Short web captions
- - -

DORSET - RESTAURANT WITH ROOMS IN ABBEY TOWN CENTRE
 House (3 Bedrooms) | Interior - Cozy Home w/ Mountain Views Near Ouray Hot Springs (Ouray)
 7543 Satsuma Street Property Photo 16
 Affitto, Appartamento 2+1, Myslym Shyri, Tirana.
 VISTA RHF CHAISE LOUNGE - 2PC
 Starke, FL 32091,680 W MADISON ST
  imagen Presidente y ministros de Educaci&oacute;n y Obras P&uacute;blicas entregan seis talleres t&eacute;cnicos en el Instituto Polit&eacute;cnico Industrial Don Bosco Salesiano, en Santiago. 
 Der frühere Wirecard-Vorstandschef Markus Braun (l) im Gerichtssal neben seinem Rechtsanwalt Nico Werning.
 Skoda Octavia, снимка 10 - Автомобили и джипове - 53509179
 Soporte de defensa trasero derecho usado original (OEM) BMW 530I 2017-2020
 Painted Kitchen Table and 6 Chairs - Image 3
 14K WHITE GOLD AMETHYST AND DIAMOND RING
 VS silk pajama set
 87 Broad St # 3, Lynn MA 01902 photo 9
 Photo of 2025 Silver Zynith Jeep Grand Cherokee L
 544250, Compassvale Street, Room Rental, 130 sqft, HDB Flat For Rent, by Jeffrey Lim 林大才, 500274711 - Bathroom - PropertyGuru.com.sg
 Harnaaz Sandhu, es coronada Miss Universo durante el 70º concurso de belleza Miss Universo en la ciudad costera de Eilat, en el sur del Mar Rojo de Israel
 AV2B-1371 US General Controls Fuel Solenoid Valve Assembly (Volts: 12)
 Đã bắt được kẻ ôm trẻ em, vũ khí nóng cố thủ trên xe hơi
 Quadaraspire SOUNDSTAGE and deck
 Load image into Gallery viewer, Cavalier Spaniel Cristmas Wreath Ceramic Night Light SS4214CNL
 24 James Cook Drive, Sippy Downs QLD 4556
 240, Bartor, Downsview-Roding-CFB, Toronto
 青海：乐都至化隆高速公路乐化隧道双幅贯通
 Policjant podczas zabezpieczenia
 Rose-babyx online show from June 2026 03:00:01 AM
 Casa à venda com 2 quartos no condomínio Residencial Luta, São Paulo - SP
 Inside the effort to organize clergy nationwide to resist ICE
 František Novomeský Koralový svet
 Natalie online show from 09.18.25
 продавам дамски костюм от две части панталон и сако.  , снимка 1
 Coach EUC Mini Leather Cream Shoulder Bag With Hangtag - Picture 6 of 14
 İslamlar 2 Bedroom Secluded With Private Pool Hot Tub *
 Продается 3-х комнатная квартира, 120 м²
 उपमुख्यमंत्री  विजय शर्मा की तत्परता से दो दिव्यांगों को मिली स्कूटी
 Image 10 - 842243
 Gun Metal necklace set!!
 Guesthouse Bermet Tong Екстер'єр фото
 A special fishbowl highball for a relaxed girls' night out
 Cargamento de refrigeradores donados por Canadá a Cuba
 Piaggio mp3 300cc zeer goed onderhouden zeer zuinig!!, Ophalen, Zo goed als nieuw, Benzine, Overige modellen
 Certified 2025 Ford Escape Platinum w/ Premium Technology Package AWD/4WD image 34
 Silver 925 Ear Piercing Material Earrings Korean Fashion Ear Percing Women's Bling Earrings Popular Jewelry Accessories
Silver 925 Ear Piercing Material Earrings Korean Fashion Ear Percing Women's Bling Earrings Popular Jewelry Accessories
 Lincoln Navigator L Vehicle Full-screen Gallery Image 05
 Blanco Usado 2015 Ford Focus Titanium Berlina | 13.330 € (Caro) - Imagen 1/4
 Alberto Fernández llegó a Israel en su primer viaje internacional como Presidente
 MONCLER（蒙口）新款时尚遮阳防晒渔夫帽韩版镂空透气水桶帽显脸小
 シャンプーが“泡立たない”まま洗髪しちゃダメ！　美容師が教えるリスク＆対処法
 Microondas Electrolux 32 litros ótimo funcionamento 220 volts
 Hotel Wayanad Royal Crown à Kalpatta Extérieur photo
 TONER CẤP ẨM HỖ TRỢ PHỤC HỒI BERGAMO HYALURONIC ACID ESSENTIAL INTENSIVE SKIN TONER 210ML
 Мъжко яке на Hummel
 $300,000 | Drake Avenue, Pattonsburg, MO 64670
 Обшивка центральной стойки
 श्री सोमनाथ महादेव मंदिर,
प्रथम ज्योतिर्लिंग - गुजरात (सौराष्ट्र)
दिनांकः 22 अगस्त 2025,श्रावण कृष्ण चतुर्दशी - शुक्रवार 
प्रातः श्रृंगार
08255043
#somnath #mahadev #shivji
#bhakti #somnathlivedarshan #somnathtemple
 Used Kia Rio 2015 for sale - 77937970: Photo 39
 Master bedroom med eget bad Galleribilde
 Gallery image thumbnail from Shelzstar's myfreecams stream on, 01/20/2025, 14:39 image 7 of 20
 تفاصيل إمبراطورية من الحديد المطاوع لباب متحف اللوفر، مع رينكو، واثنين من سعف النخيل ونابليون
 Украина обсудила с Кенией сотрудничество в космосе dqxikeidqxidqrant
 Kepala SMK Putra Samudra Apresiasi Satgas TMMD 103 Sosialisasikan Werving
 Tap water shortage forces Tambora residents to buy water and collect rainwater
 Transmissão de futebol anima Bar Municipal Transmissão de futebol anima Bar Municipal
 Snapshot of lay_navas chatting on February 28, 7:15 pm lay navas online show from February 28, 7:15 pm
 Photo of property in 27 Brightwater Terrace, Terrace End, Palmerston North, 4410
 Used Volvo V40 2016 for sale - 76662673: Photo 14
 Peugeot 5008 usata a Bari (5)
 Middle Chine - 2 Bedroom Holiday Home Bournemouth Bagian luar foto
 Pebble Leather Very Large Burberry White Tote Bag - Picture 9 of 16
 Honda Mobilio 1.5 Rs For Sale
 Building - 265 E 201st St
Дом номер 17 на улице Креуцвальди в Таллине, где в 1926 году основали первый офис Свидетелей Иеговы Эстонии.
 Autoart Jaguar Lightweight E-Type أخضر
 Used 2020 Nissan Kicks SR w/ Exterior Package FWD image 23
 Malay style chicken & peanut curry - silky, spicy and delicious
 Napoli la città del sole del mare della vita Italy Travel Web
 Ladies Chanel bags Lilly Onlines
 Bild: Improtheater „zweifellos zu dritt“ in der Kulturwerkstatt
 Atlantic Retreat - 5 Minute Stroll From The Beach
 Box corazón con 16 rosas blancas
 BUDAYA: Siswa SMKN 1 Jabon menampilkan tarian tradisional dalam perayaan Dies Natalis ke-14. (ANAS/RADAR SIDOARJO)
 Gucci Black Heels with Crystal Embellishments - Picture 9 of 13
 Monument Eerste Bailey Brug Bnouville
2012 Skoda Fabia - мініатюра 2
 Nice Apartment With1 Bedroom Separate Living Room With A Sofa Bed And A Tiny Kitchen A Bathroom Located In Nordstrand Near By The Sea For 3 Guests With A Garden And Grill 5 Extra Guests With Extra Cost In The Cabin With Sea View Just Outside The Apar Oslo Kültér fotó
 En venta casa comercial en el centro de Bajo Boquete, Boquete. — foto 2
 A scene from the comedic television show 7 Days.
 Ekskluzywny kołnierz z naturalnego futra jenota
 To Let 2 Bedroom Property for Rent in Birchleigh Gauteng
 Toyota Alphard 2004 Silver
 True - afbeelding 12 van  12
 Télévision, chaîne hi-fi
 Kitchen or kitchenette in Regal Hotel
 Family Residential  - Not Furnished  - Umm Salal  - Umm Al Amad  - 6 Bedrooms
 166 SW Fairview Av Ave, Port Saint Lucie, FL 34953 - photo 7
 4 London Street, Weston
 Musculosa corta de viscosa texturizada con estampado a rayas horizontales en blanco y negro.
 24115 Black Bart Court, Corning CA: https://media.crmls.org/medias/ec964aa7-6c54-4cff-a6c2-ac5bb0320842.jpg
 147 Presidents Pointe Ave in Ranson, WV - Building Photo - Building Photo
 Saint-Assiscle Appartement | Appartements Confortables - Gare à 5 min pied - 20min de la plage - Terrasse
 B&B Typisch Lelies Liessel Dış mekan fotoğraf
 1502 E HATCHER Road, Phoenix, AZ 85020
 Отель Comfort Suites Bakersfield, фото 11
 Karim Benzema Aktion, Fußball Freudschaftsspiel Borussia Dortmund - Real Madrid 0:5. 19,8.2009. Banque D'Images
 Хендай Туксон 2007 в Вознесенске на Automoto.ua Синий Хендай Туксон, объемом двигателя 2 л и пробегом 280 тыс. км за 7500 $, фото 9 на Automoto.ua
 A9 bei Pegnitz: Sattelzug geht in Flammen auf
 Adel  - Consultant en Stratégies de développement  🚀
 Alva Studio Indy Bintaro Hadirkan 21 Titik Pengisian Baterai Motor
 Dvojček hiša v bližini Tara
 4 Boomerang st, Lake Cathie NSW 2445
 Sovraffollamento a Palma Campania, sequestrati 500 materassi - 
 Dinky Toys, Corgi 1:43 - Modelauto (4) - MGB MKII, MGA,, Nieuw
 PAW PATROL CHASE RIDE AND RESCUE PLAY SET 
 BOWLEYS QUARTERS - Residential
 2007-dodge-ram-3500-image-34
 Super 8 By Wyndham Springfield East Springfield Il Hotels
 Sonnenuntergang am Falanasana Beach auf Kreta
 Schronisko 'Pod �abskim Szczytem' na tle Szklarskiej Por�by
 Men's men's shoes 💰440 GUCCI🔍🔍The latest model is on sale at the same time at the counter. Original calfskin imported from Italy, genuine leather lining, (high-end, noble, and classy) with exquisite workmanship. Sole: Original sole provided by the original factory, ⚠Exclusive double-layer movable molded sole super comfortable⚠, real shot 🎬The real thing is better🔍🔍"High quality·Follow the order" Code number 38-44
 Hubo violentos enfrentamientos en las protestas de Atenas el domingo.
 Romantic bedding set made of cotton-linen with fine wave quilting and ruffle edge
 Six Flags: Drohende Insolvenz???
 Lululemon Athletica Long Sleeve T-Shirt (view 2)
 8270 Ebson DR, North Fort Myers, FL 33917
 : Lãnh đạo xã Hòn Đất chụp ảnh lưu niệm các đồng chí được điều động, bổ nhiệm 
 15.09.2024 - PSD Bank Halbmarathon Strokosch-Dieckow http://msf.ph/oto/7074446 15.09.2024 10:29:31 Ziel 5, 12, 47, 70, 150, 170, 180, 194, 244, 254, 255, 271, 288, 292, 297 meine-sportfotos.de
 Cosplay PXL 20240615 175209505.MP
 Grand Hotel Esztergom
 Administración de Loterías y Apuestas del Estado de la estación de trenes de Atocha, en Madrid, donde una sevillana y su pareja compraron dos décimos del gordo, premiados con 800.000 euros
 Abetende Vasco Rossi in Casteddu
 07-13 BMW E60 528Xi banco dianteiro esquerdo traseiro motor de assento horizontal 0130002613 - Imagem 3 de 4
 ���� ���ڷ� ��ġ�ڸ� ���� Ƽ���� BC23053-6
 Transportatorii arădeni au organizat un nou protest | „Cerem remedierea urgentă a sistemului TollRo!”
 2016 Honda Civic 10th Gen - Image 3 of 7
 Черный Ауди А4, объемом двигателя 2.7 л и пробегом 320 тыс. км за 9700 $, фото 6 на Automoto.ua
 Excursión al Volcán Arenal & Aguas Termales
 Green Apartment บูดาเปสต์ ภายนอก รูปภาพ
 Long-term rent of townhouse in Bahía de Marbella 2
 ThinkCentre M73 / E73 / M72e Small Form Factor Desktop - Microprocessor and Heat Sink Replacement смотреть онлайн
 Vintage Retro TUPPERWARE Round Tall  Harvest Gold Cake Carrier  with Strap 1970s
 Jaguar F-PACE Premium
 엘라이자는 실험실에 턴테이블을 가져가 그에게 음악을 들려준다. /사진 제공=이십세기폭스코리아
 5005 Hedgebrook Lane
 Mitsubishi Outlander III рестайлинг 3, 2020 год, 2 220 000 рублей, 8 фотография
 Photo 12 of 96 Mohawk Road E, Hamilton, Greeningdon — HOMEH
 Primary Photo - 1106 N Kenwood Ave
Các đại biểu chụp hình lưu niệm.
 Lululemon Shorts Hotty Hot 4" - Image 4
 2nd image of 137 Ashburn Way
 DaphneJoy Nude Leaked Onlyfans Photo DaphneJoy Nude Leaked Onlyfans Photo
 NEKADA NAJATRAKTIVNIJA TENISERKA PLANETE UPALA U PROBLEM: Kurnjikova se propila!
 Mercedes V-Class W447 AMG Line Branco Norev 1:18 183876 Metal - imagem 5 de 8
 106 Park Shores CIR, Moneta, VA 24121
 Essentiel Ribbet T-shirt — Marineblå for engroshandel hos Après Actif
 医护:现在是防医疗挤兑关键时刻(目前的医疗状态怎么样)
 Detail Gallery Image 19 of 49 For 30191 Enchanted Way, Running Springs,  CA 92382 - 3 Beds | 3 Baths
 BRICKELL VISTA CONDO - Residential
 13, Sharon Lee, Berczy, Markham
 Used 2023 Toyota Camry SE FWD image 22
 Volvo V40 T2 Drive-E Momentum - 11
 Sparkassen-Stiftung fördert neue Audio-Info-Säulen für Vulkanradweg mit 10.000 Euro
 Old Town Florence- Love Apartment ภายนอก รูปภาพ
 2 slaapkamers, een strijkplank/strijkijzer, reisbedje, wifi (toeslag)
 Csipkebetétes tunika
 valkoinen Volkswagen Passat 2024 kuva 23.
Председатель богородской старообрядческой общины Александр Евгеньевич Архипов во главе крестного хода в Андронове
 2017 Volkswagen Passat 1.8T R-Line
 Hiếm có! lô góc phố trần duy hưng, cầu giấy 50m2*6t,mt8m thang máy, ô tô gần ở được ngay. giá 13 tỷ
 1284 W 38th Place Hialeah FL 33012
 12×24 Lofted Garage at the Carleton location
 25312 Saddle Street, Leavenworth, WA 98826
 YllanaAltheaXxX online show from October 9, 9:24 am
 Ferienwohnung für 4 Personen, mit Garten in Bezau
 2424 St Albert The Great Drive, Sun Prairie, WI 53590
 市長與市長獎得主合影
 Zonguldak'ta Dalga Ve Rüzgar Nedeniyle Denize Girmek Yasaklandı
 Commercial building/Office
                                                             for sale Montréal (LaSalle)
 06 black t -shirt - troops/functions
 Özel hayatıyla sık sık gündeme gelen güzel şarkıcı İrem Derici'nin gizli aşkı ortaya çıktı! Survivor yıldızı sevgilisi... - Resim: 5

- - -

▶ TASK TO CARRY OUT
Please give a word-for-word repetition of the lines from the one containing "106 Park Shores CIR, Moneta, VA 24121" through the last line of the data above, including both, and nothing besides.

▶ TASK RESULT
 106 Park Shores CIR, Moneta, VA 24121
 Essentiel Ribbet T-shirt — Marineblå for engroshandel hos Après Actif
 医护:现在是防医疗挤兑关键时刻(目前的医疗状态怎么样)
 Detail Gallery Image 19 of 49 For 30191 Enchanted Way, Running Springs,  CA 92382 - 3 Beds | 3 Baths
 BRICKELL VISTA CONDO - Residential
 13, Sharon Lee, Berczy, Markham
 Used 2023 Toyota Camry SE FWD image 22
 Volvo V40 T2 Drive-E Momentum - 11
 Sparkassen-Stiftung fördert neue Audio-Info-Säulen für Vulkanradweg mit 10.000 Euro
 Old Town Florence- Love Apartment ภายนอก รูปภาพ
 2 slaapkamers, een strijkplank/strijkijzer, reisbedje, wifi (toeslag)
 Csipkebetétes tunika
 valkoinen Volkswagen Passat 2024 kuva 23.
Председатель богородской старообрядческой общины Александр Евгеньевич Архипов во главе крестного хода в Андронове
 2017 Volkswagen Passat 1.8T R-Line
 Hiếm có! lô góc phố trần duy hưng, cầu giấy 50m2*6t,mt8m thang máy, ô tô gần ở được ngay. giá 13 tỷ
 1284 W 38th Place Hialeah FL 33012
 12×24 Lofted Garage at the Carleton location
 25312 Saddle Street, Leavenworth, WA 98826
 YllanaAltheaXxX online show from October 9, 9:24 am
 Ferienwohnung für 4 Personen, mit Garten in Bezau
 2424 St Albert The Great Drive, Sun Prairie, WI 53590
 市長與市長獎得主合影
 Zonguldak'ta Dalga Ve Rüzgar Nedeniyle Denize Girmek Yasaklandı
 Commercial building/Office
                                                             for sale Montréal (LaSalle)
 06 black t -shirt - troops/functions
 Özel hayatıyla sık sık gündeme gelen güzel şarkıcı İrem Derici'nin gizli aşkı ortaya çıktı! Survivor yıldızı sevgilisi... - Resim: 5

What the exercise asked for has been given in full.